Die Exzerpier-Technik, welche ich dir nun empfehlen möchte, basiert auf einer Tabelle. Eine Exzerpier-Tabelle ermöglicht es, dass deine Exzerpte standardisiert sind. Das hilft dir im Nachhinein dabei, die Auszüge besser wiederzufinden.

Außerdem bietet die Tabelle gleichzeitig den Leitfaden für die Schritte, die du unternehmen musst, um ein vollständiges Exzerpt schreiben zu können.

Digital oder Analog?

Bevor wir zur Tabelle übergehen, musst du eine wichtige Entscheidung für dich treffen. Willst du mit Papier und Stift exzerpieren oder das ganze digital umsetzen?

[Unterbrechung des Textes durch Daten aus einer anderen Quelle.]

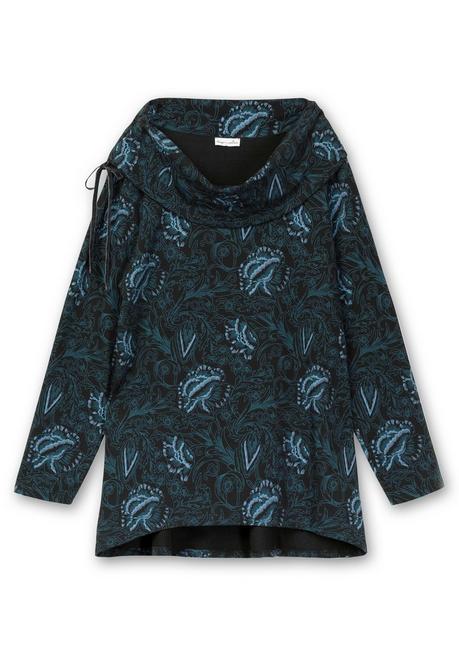 sheego by Joe Browns Sweatshirt in Longform mit weitem Kragen - schwarz bedruckt sheego Schlussverkauf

Wenn du meinem Blog schon länger folgst, wirst du wissen, dass ich die digitale Variante bevorzuge. Handschriftliche Exzerpte kannst du nicht automatisch durchsuchen und auch Textstellen wie beispielsweise direkte Zitate kannst du nicht einfach kopieren und einfügen.

Außerdem wirst du wissen, dass ich die Verwendung eine Literatur-Management Software ausdrücklich empfehle. Benutzt du beispielsweise Citavi, kannst du es auch für die Verwaltung deiner Exzerpte verwenden und du hast alles an einem Ort.

Wenn du außerdem in der Lage sein möchtest, deine wissenschaftlichen Arbeiten von jedem Ort der Welt anzufertigen, dann ist die digitale der handschriftlichen Variante überlegen.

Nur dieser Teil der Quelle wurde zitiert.